1 Samuel 31
Matthew Poole's Commentary
Now the Philistines fought against Israel: and the men of Israel fled from before the Philistines, and fell down slain in mount Gilboa.
The Israelites are smitten by the Philistines: Saul’s sons are slain: Saul is wounded: he falleth on his own sword; as doth his armour-bearer, 1 Samuel 31:1-6. The rest flee; and the Philistines possess their towns, and triumph over the dead carcasses, 1 Samuel 31:7-10. They of Jabesh-Gilead by might take down the bodies of Saul and of his sons, and burn them; and mournfully bury their bones, 1 Samuel 31:11-13.

The Philistines fought against Israel, whilst David was engaged against the Amalekites. So he returns to the history, which had been interrupted to give an account of David’s concerns.

And the Philistines followed hard upon Saul and upon his sons; and the Philistines slew Jonathan, and Abinadab, and Malchishua, Saul's sons.
The Philistines slew Jonathan, David’s dear friend; God so ordering it for the further exercise of David’s faith and patience; and that David might depend upon God alone for his crown, and receive it solely from him, and not from Jonathan; who doubtless, had he lived, would have speedily settled the crown upon David’s head, which would have in some sort eclipsed the glory of God’s grace and power in this work.

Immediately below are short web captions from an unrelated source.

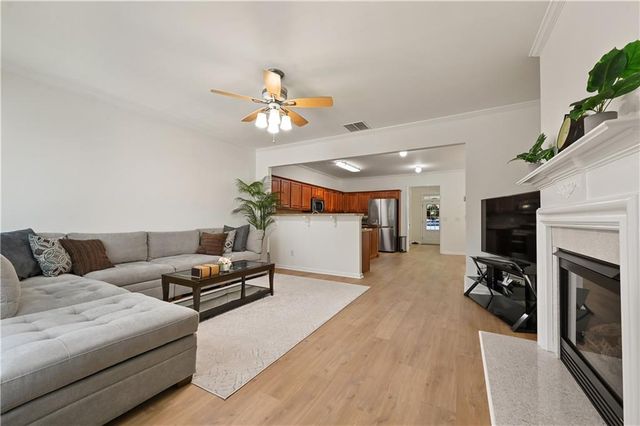 3267 Wyesham Circle, Duluth, GA 30096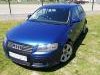 Audi  A3 2.0 Tdi 140ks Kompletan Auto U Delovima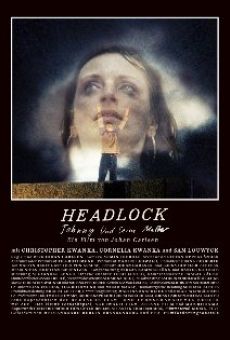 Headlock online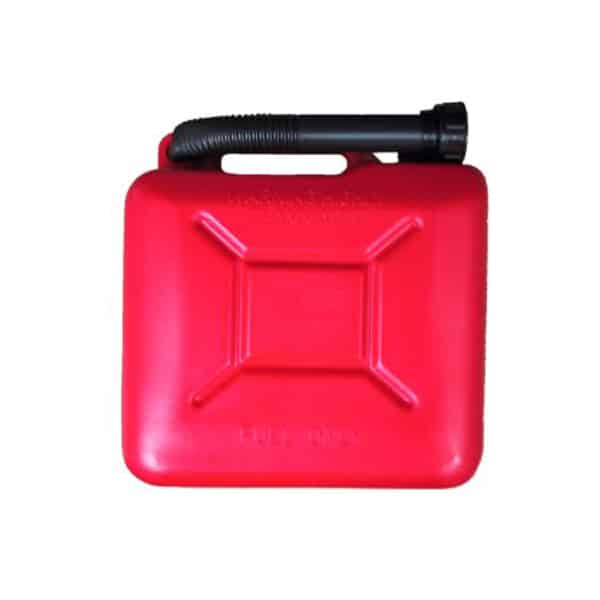 10 Litre Fuel Can | P194 image 0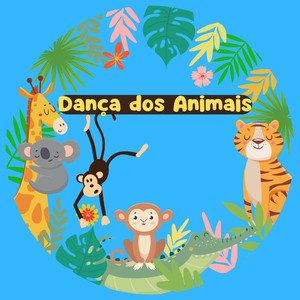 Dança dos Animais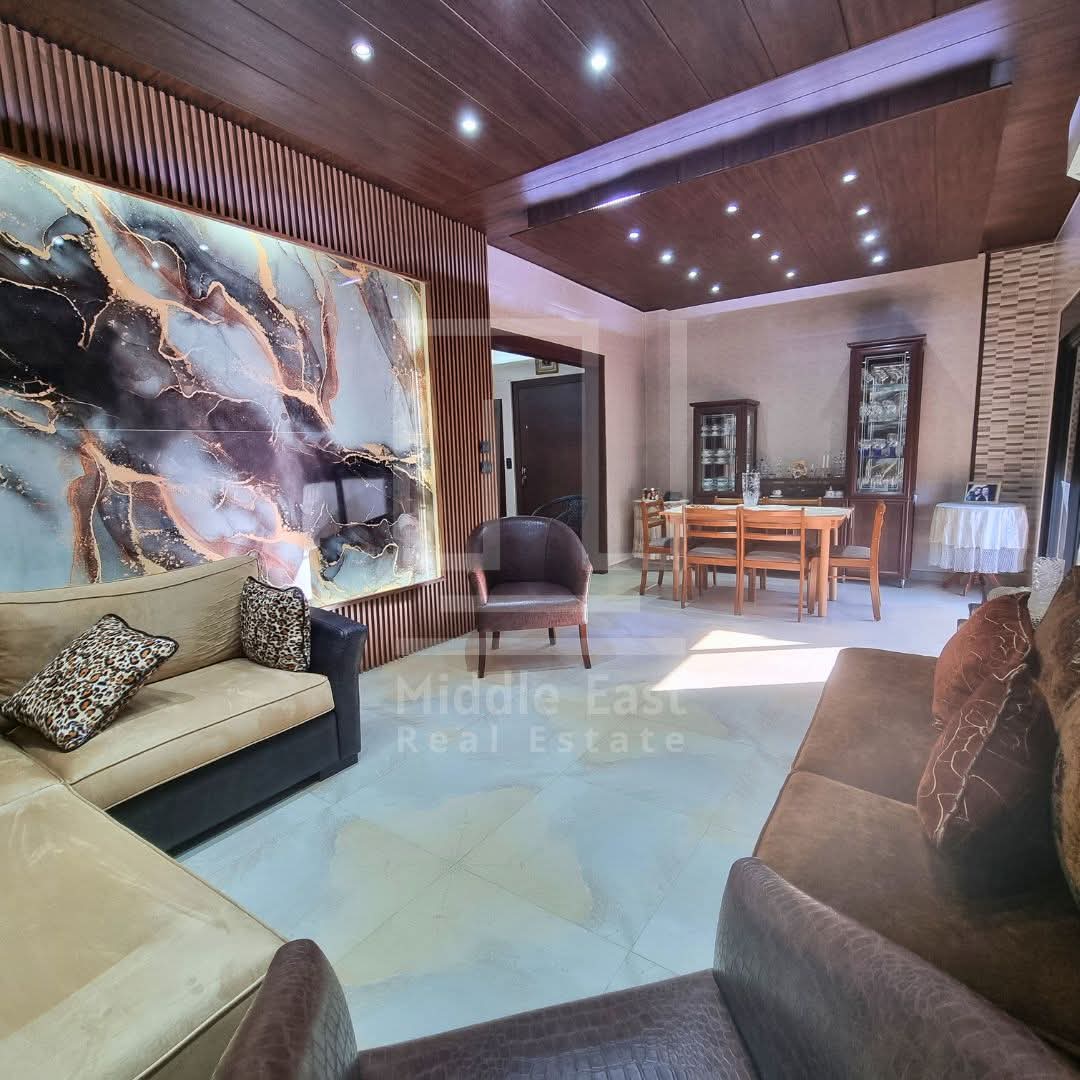 Luxury Aprt Alma zgharta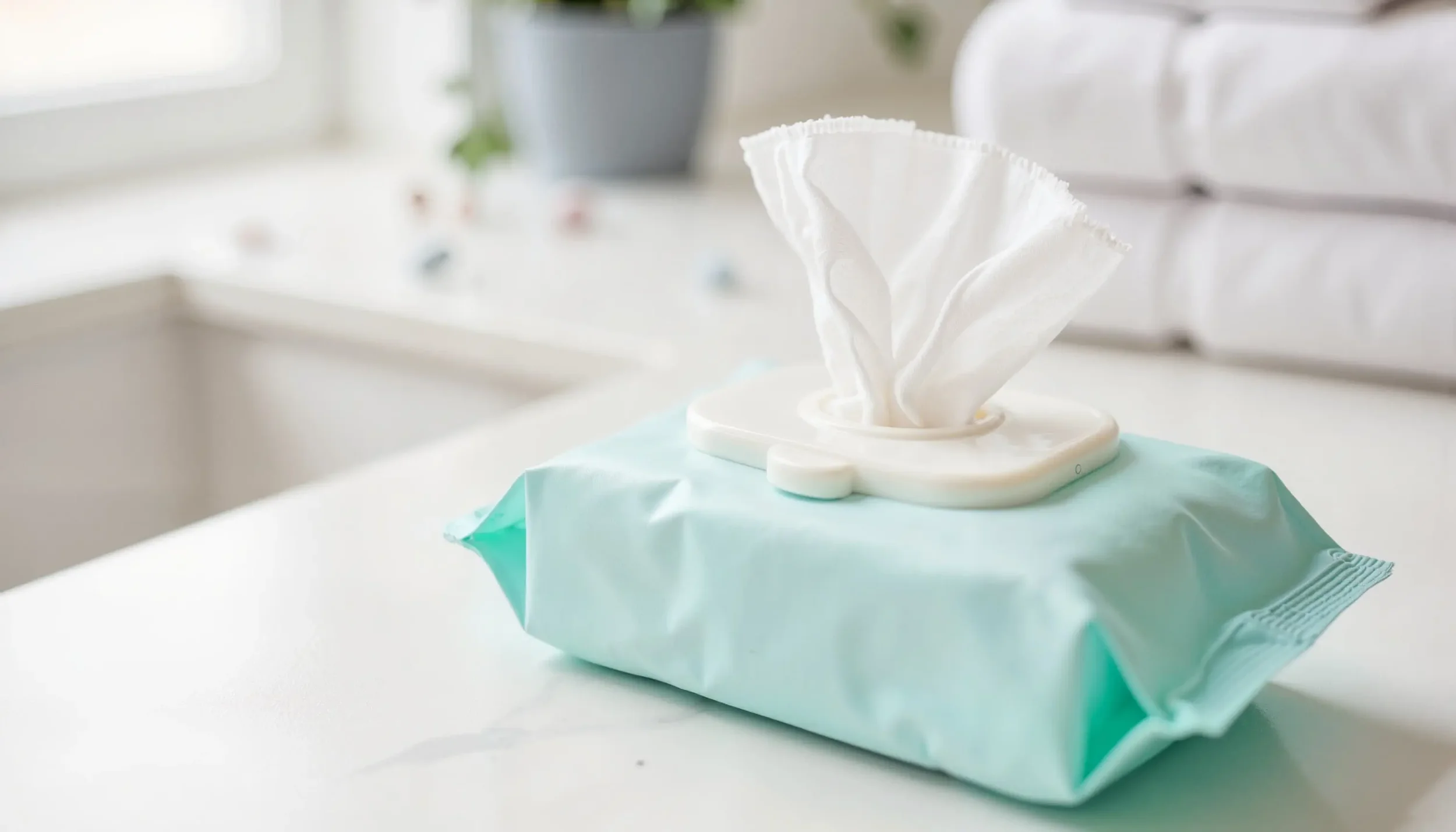Baby Wipes Ingredients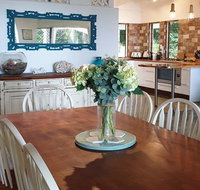 Cairns Beach House Our Oasis - Accommodation Mount Tamborine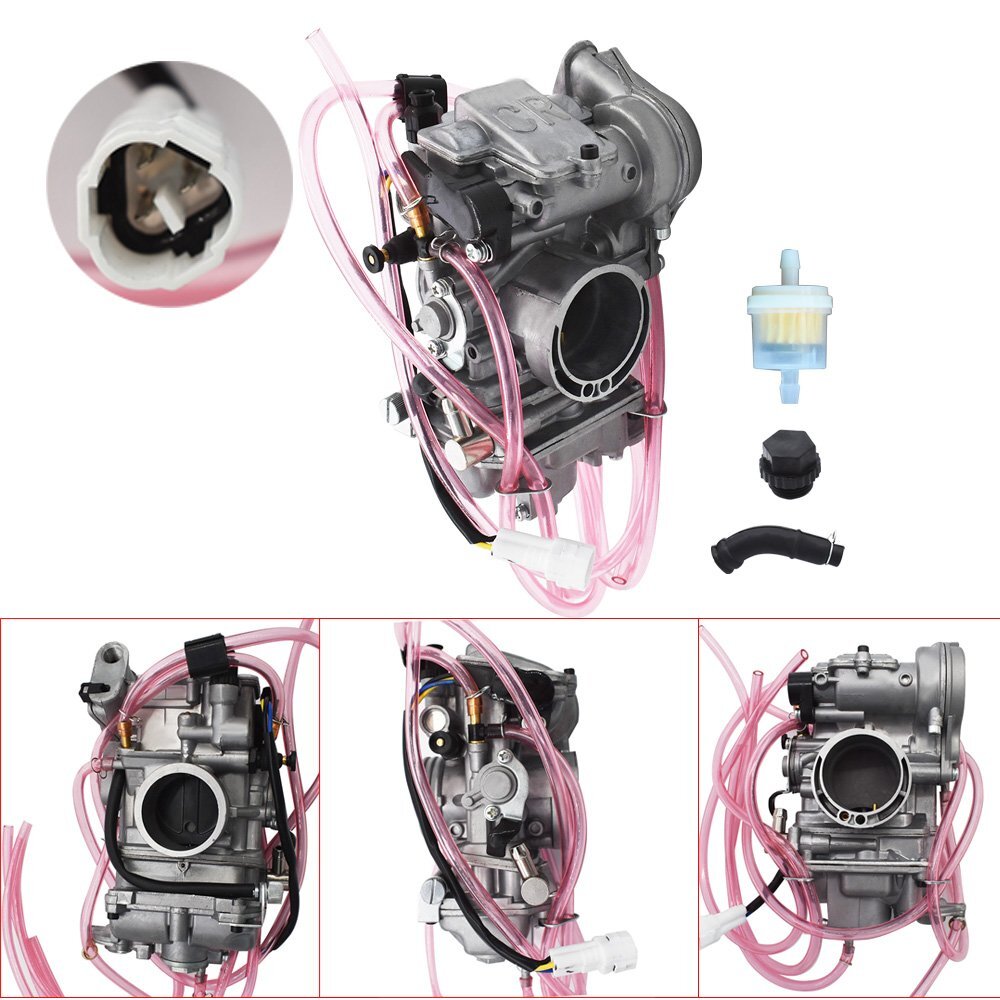 Fit For Suzuki RMZ 450 RMZ450 Carburetor Carb 2005 2006 2007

There was also a special providence of God in taking away Jonathan, (who of all Saul’s sons seems to have been the fairest for the crown,) for the preventing divisions, which have happened amongst the people concerning the successor; David’s way to the crown being by this means made the more clear.

Abinadab, called also Ishui, 1 Samuel 14:49. Ish-bosheth was not here, being possibly at home, for the management of public affairs there.

And the battle went sore against Saul, and the archers hit him; and he was sore wounded of the archers.
No text from Poole on this verse.

Then said Saul unto his armourbearer, Draw thy sword, and thrust me through therewith; lest these uncircumcised come and thrust me through, and abuse me. But his armourbearer would not; for he was sore afraid. Therefore Saul took a sword, and fell upon it.
Thrust me through, and abuse me; lest they take me, and put me to some shameful and cruel death.

Saul took a sword, and fell upon it, and died of the wound, as it follows.

And when his armourbearer saw that Saul was dead, he fell likewise upon his sword, and died with him.
No text from Poole on this verse.

So Saul died, and his three sons, and his armourbearer, and all his men, that same day together.
No text from Poole on this verse.

And when the men of Israel that were on the other side of the valley, and they that were on the other side Jordan, saw that the men of Israel fled, and that Saul and his sons were dead, they forsook the cities, and fled; and the Philistines came and dwelt in them.
Of the valley, to wit, the valley of Jezreel, where the battle was fought.

On the other side Jordan; or rather, on this side Jordan; for these were in the most danger; and the Hebrew preposition is indifferently used for on this side, or for beyond.

And it came to pass on the morrow, when the Philistines came to strip the slain, that they found Saul and his three sons fallen in mount Gilboa.
No text from Poole on this verse.

And they cut off his head, and stripped off his armour, and sent into the land of the Philistines round about, to publish it in the house of their idols, and among the people.
They cut off his head, as the Israelites did by Goliath.

To publish it in the house of their idols, to give them the glory of this victory.

And they put his armour in the house of Ashtaroth: and they fastened his body to the wall of Bethshan.
No text from Poole on this verse.

And when the inhabitants of Jabeshgilead heard of that which the Philistines had done to Saul;
Jabesh-gilead, which was beyond Jordan; for the people on this side Jordan were fled from their cities, as was now said.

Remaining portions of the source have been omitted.